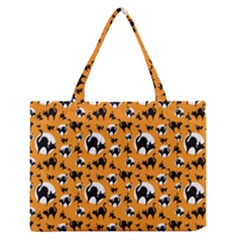 Pattern Halloween Black Cat Hissing Zipper Medium Tote Bag by iCreate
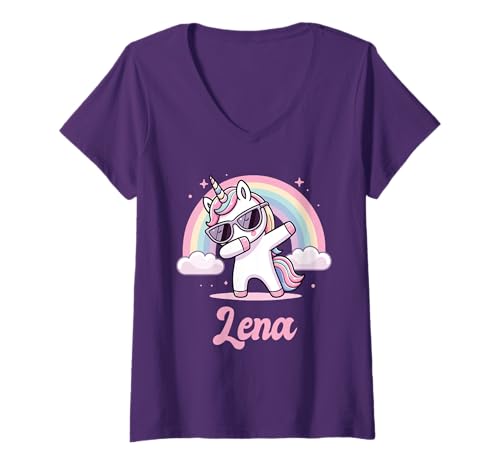 Damen Lena Geschenk Vorname personalisiert Mädchen Einhorn T-Shirt mit V-Ausschnitt Damen Lena Geschenk Vorname personalisiert Mädchen Einhorn T-Shirt mit V-Ausschnitt von Idée Cadeau Prénoms Personnalisé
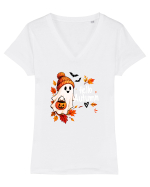 Hello Autumn  Tricou mânecă scurtă guler V Damă Evoker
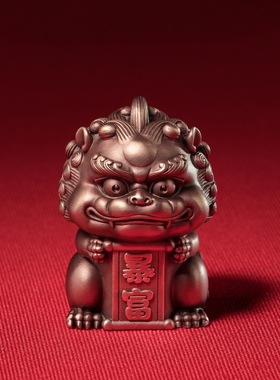 新款高品质版本《紫铜小狮》客厅桌面瑞狮紫铜摆件暴富挂件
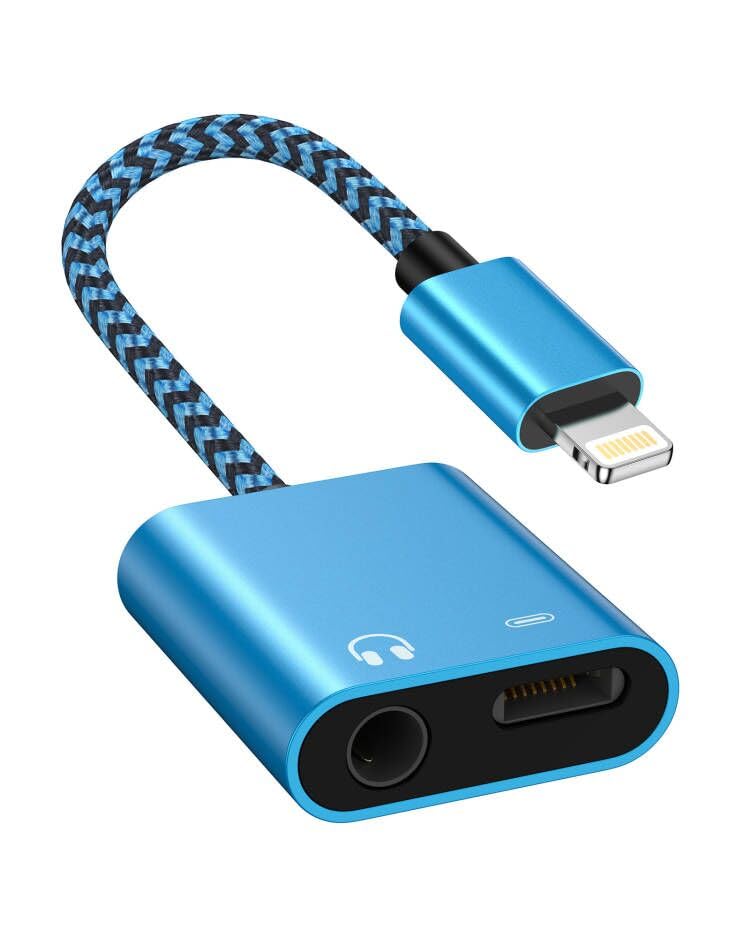 [Apple MFI Certified] Headphone Adapter for iOS, 2-in-1 Lightning to 3.5mm Earphone Aux Audio + Charging Splitter Auxiliary Jack Headphone Dongle for iPhone 14 13 12 11 Pro Max Mini XR XS 8 iPad iPod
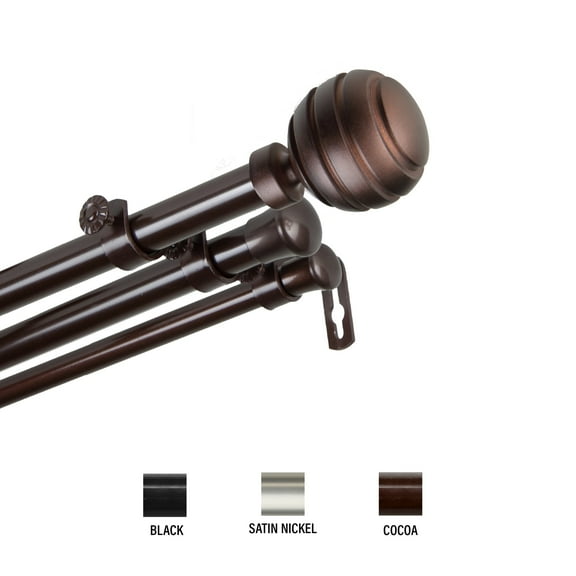 Olga Triple Curtain Rod 13/16 inch dia. 120-170" - Cocoa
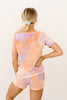 Brushed Knit Tie Dye Lounge Shorts In Coral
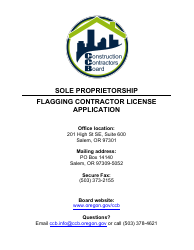Document preview: Flagging Contractor License Application for Sole Proprietorship - Oregon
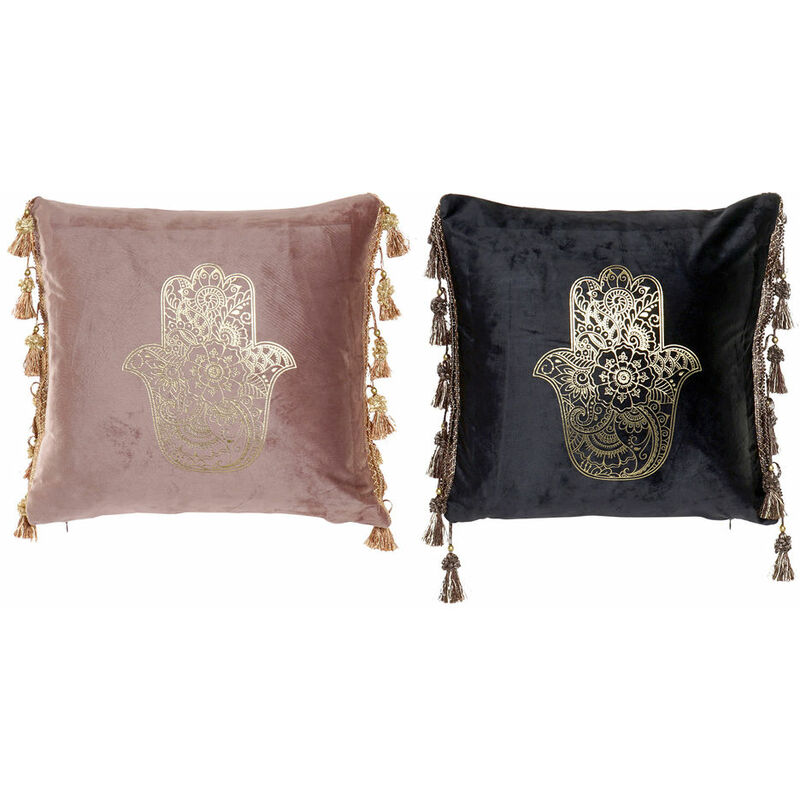 

Cojín DKD Home Decor Negro Rosa Poliéster Terciopelo (2 pcs) (45 x 10 x 45 cm)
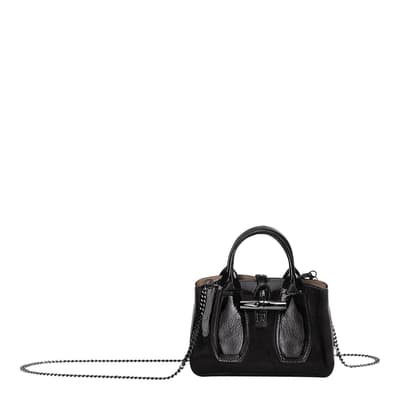 Black Roseau Vernis Small Top Handle Bag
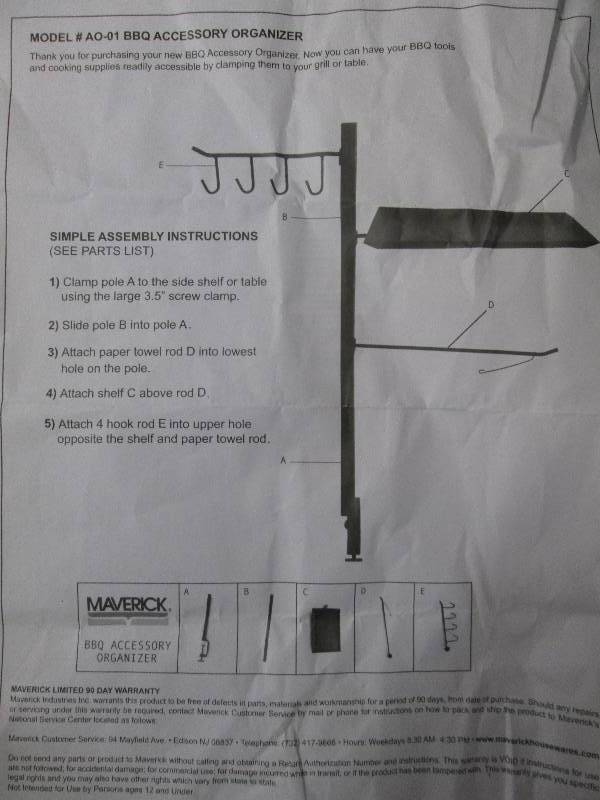 lot 355 image: BBQ Accessory Organizer  Some assem...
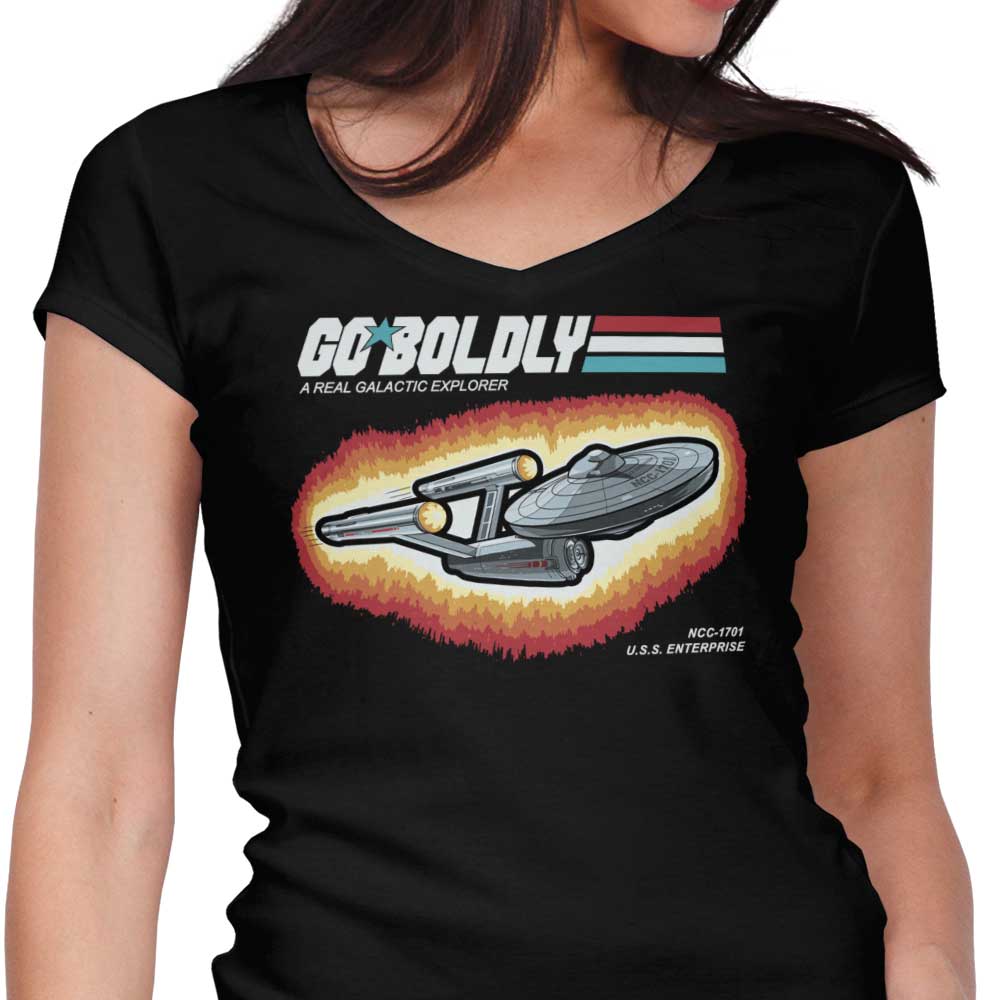 Go Boldly Women's V-Neck - Adult & Kids T-Shirts, Sweatshirts & Hoodies apparel design preview 1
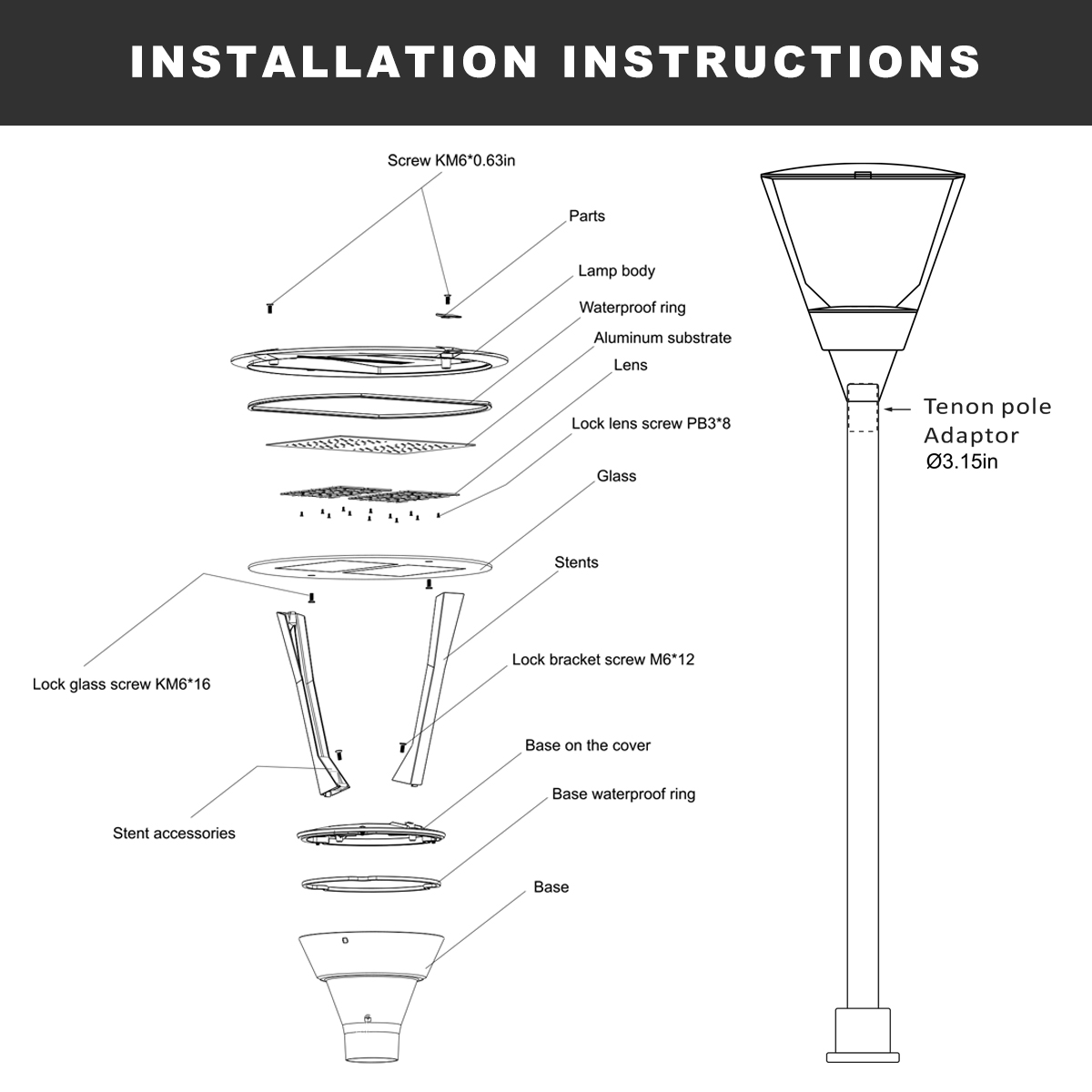 ENM-LGL01 POST TOP Led Garden light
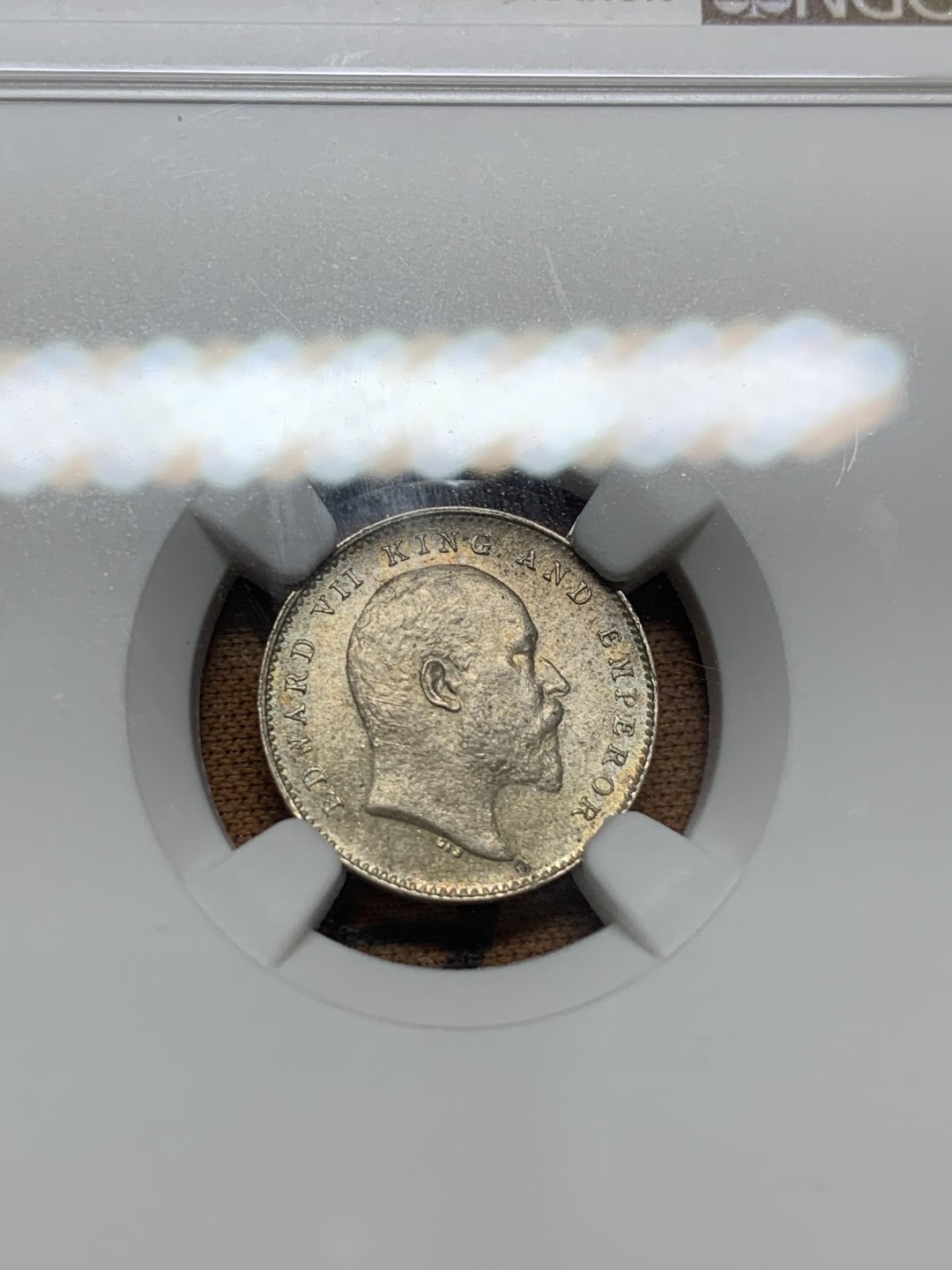 《竞宝斋》第91场-本周日，周一2场连拍（全场不限金额包邮） NGC-MS64 印度 爱七 1910年2安娜 银币 非常少见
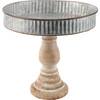 Decorative Wood & Galvanized Metal Pedestal Tray - 10 In x 9.25 In - Home Accents Collection from Primitives by Kathy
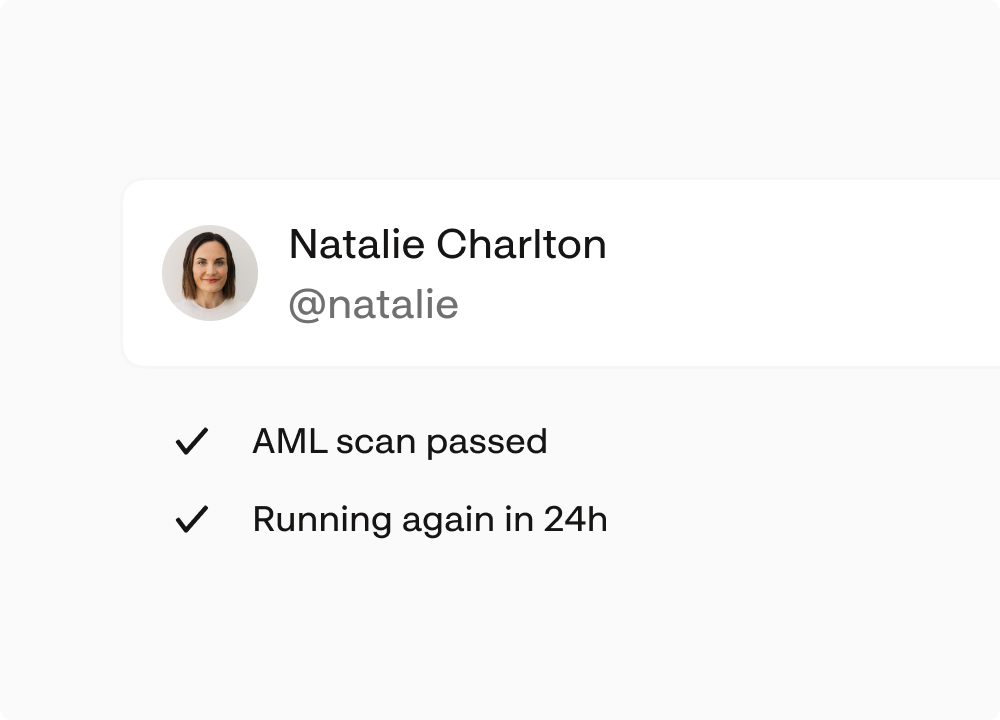 Automated AML scan passing and rescheduling in 24 hours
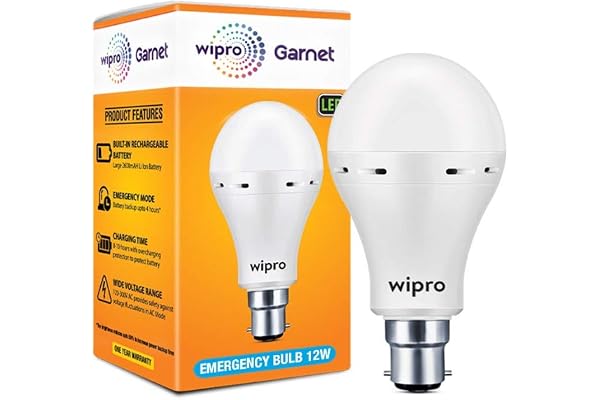 Wipro Garnet 12w LED Emergency Bulb Cool Day White (6500K) B22 LED Bulb Base Inverter Bulb for home, with 4 Hours battery back up Li-ion Battery Over charging Protection Pack of 1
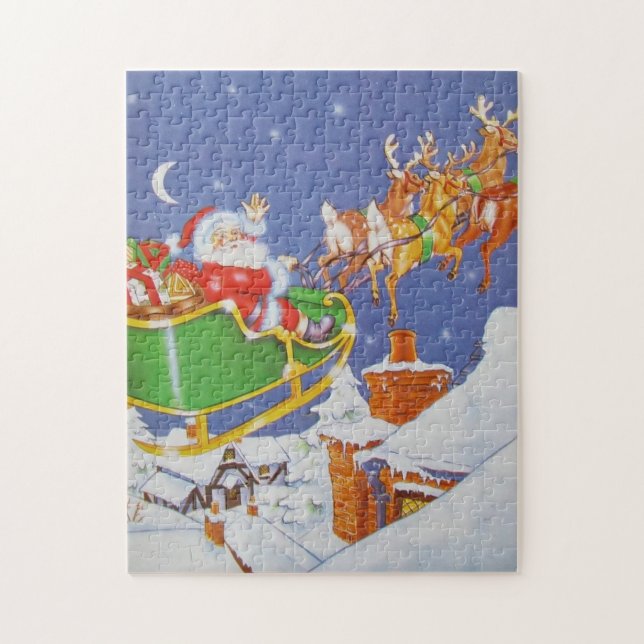 Quebra-cabeça Arreio de Papai Noel Vintage 11x14 (Vertical)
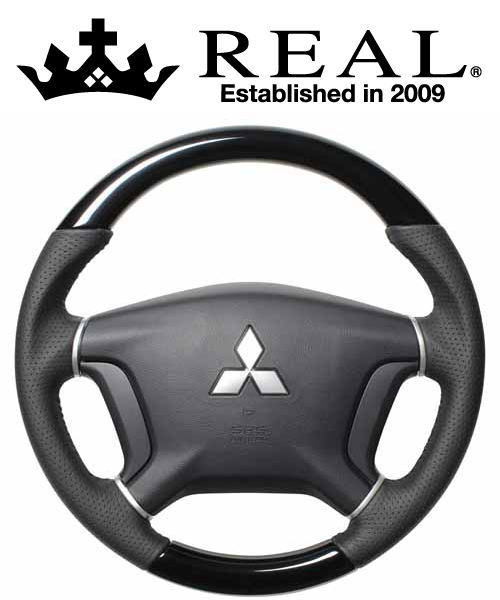【エントリーでポイント10倍】REAL STEERING オリジナルシリーズ ミツビシ デリカ D:5 前期 CV#W用 カラー：ピアノブラック (D5-PBW-BK)【ハンドル】【自動車パーツ】レアル ステアリング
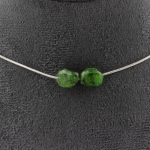 Pierres et Min&eacute;raux. Collier 2 perles Diopside du Br&eacute;sil. Chaine en acier inoxydable Collier femmes, hommes. Taille personnalisable.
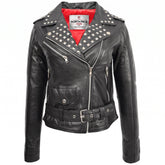 Womens Leather Studded Brando Style Jacket Salma Nova Black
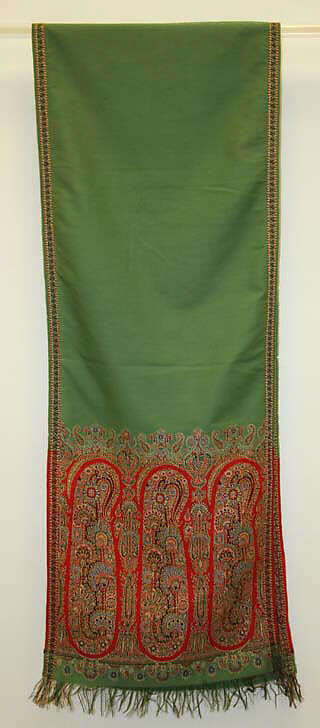 Scarf, wool, probably French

★ ★ ★ ★ ★ ★ ★

■ **What you need to do**:
Reproduce every line above word for word; no images.

■ **Reply to the task**:
 Pattern Halloween Black Cat Hissing Zipper Medium Tote Bag by iCreate
 Damen Lena Geschenk Vorname personalisiert Mädchen Einhorn T-Shirt mit V-Ausschnitt Damen Lena Geschenk Vorname personalisiert Mädchen Einhorn T-Shirt mit V-Ausschnitt von Idée Cadeau Prénoms Personnalisé
 Hello Autumn  Tricou mânecă scurtă guler V Damă Evoker
 新款高品质版本《紫铜小狮》客厅桌面瑞狮紫铜摆件暴富挂件
 [Apple MFI Certified] Headphone Adapter for iOS, 2-in-1 Lightning to 3.5mm Earphone Aux Audio + Charging Splitter Auxiliary Jack Headphone Dongle for iPhone 14 13 12 11 Pro Max Mini XR XS 8 iPad iPod
 Olga Triple Curtain Rod 13/16 inch dia. 120-170" - Cocoa
 Brushed Knit Tie Dye Lounge Shorts In Coral
Document preview: Flagging Contractor License Application for Sole Proprietorship - Oregon

Cojín DKD Home Decor Negro Rosa Poliéster Terciopelo (2 pcs) (45 x 10 x 45 cm)
 Black Roseau Vernis Small Top Handle Bag
 lot 355 image: BBQ Accessory Organizer  Some assem...
 Go Boldly Women's V-Neck - Adult & Kids T-Shirts, Sweatshirts & Hoodies apparel design preview 1
 ENM-LGL01 POST TOP Led Garden light
 《竞宝斋》第91场-本周日，周一2场连拍（全场不限金额包邮） NGC-MS64 印度 爱七 1910年2安娜 银币 非常少见
 Decorative Wood & Galvanized Metal Pedestal Tray - 10 In x 9.25 In - Home Accents Collection from Primitives by Kathy
 Automated AML scan passing and rescheduling in 24 hours
 Wipro Garnet 12w LED Emergency Bulb Cool Day White (6500K) B22 LED Bulb Base Inverter Bulb for home, with 4 Hours battery back up Li-ion Battery Over charging Protection Pack of 1
 Quebra-cabeça Arreio de Papai Noel Vintage 11x14 (Vertical)
【エントリーでポイント10倍】REAL STEERING オリジナルシリーズ ミツビシ デリカ D:5 前期 CV#W用 カラー：ピアノブラック (D5-PBW-BK)【ハンドル】【自動車パーツ】レアル ステアリング
 Pierres et Min&eacute;raux. Collier 2 perles Diopside du Br&eacute;sil. Chaine en acier inoxydable Collier femmes, hommes. Taille personnalisable.
 Womens Leather Studded Brando Style Jacket Salma Nova Black
 Scarf, wool, probably French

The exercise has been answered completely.